BEGIN Task inputs
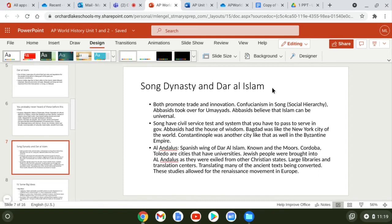The Abbasids believed Islam could be universal and spread globally. However, the Quran states you cannot force someone to convert, so most conversion happened through trade and economic opportunity. The Abbasids also had the House of Wisdom — a center in Baghdad that was like the world's first university, where artists, philosophers, mathematicians, and astronomers came to debate, study, and translate ancient texts. Without the House of Wisdom and other translation centers, many ancient Greek and Roman texts would have been lost forever.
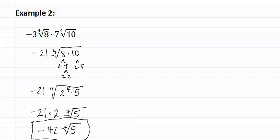Remember when you are multiplying monomial radical expressions, you can multiply the outsides together, and the insides together, as long as the radicals match. But always be sure that your final answer is then simplified.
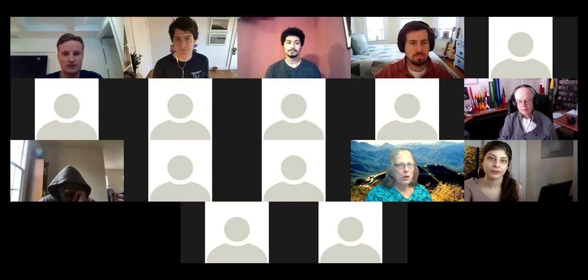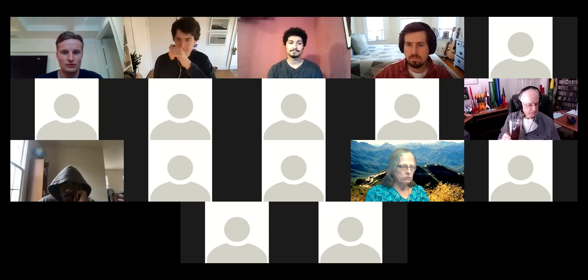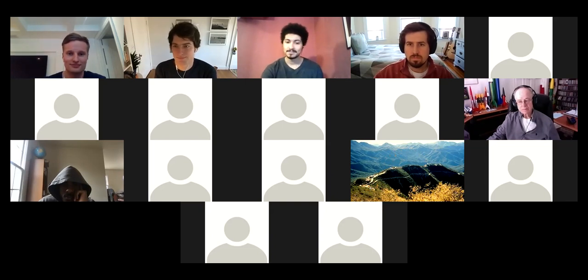Our first speaker today is Ian Weaver, a fifth-year graduate student working with Mercedes Lopez Morales. Ian completed his undergraduate studies at UC Santa Cruz and joined the CFA in 2016. He focuses on optical transmission spectroscopy of transiting exoplanets through the ACCESS survey, and today he's presenting the latest results: the optical transmission spectrum of the high-gravity hot Jupiter HAT-P-23b.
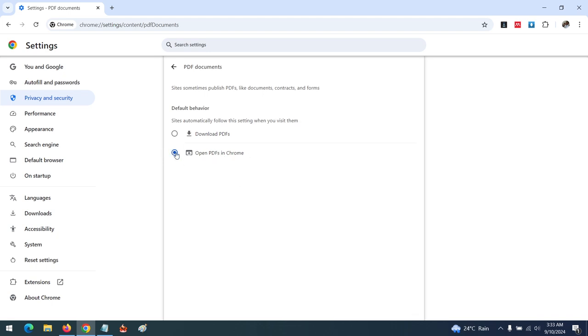You can choose to automatically open PDFs in Chrome by checking that option. However, if you want to automatically download PDFs, check the automatically download PDFs option. Whenever you open a PDF file or click a link to a PDF, it will automatically download rather than opening in Google Chrome.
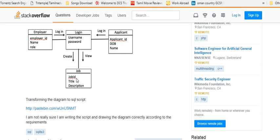Job has a title and description. Employee ID is in the same table. Login is in the same table. Employee ID is used for the job.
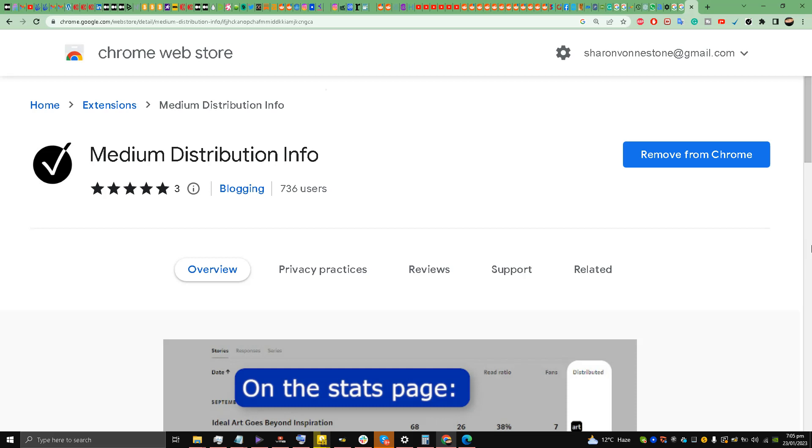Hello and welcome back to the channel. This is Liquid Ocelot, and this is part 5 of the Ultimate Medium.com Course. Today we're going to talk about how to check whether your Medium stories are curated or not.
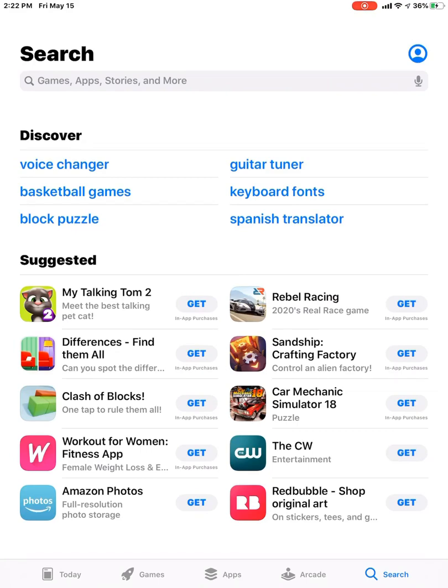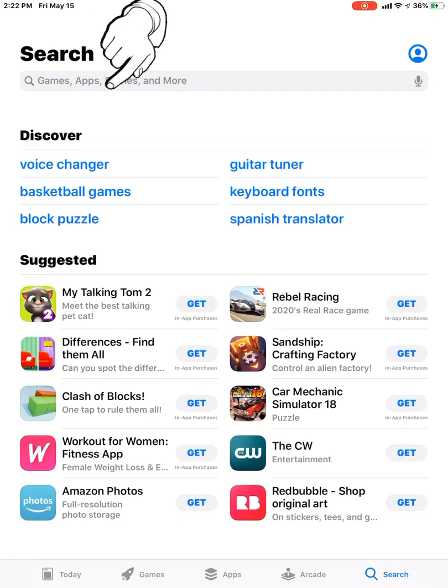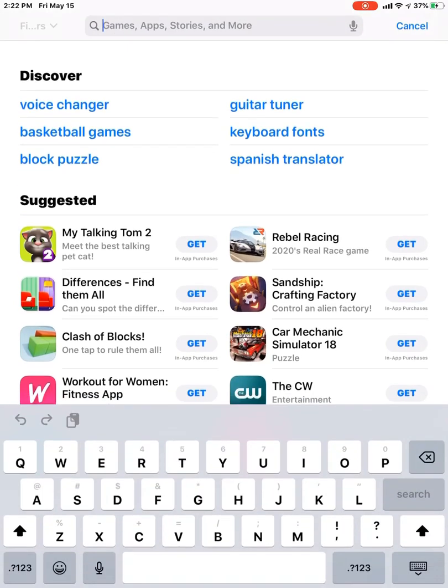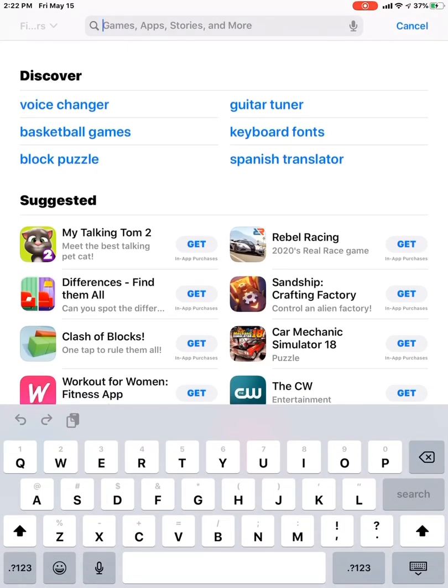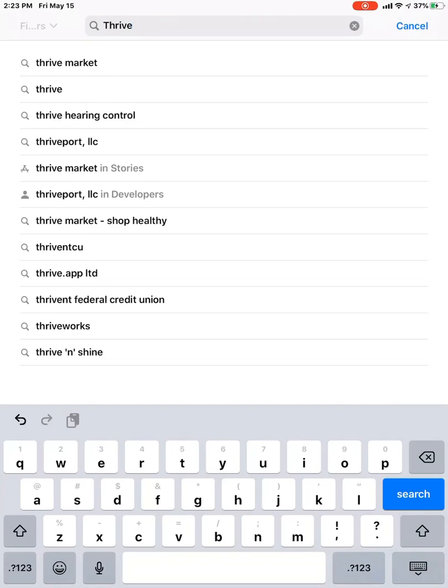So that's how we'll search for our Thrive hearing control. At the top of the screen, we have a search bar or search engine. I'm just going to tap in there and type in Thrive hearing control. And it actually comes up as I start to type.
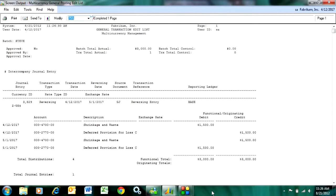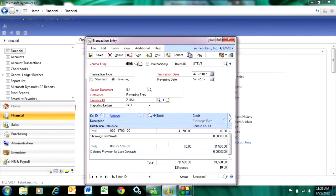Here you can see from this edit listing, it's going to post a transaction on April 12th, and it's going to automatically post a reversing transaction on May 1st. As a matter of fact, when I post this transaction, it's going to post both transactions at the same time — the one in April and the reversing transaction in May.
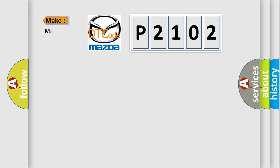So, what does the diagnostic trouble code P2102 interpret specifically for Mazda car manufacturers?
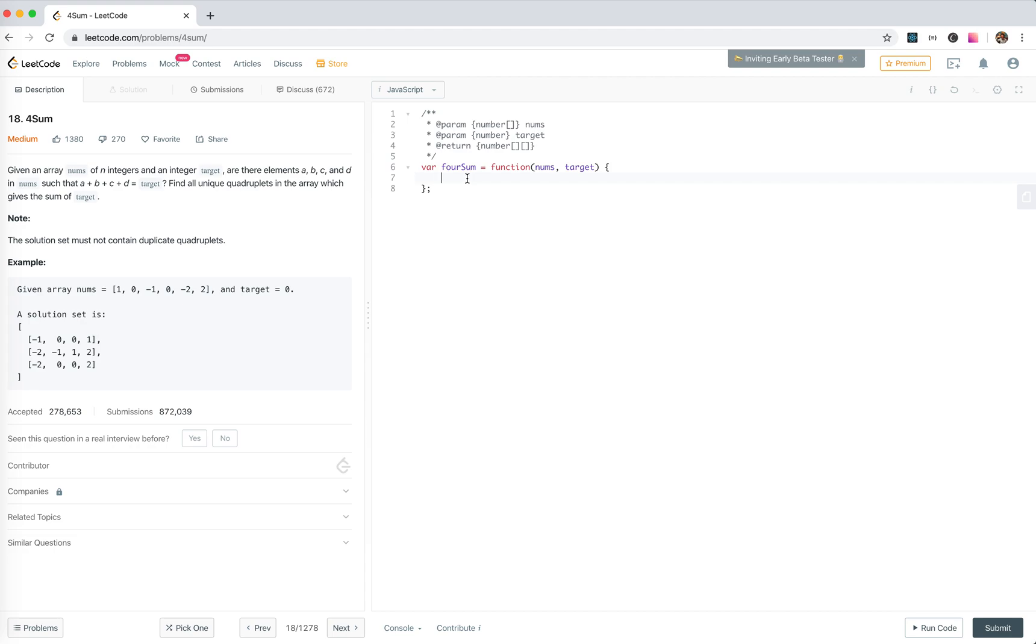Okay, so the first step is just return for the irregular cases. const result. If nums length is more than four, of course we just return the result.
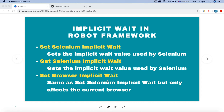Set selenium implicit wait is the implicit wait that is set and used by Selenium — it's basically the global implicit wait. If you define it at the Selenium library level and use that library across all your test cases, that implicit wait will be applicable across all test cases utilizing that particular library. If you set it in a particular test case or script, it will only be applicable to that script.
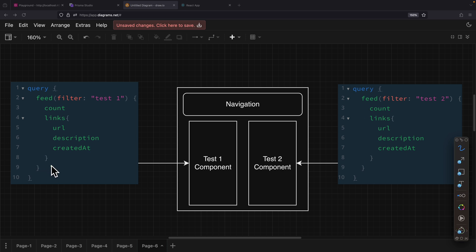And the way Fragments work is that we can store those fields in a variable and reuse those variables, like the fields that we want to select inside of our GraphQL queries or mutations.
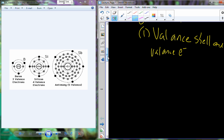If you look at the periodic table of elements, you'll recognize that you have rows and columns. As we move across from left to right, we're increasing the number of valence electrons that are going to be able to interact. As we go down, we have the same number of valence electrons and very similar chemical behaviors. Right above silicon is carbon — carbon and silicon have some very similar characteristics because they both contain four valence electrons.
END Task inputs
Starting at the line that holds "Set selenium implicit", repeat every line through the end of the listing exactly as written, skipping any picture.

**Solution to the exercise**
Set selenium implicit wait is the implicit wait that is set and used by Selenium — it's basically the global implicit wait. If you define it at the Selenium library level and use that library across all your test cases, that implicit wait will be applicable across all test cases utilizing that particular library. If you set it in a particular test case or script, it will only be applicable to that script.
And the way Fragments work is that we can store those fields in a variable and reuse those variables, like the fields that we want to select inside of our GraphQL queries or mutations.
If you look at the periodic table of elements, you'll recognize that you have rows and columns. As we move across from left to right, we're increasing the number of valence electrons that are going to be able to interact. As we go down, we have the same number of valence electrons and very similar chemical behaviors. Right above silicon is carbon — carbon and silicon have some very similar characteristics because they both contain four valence electrons.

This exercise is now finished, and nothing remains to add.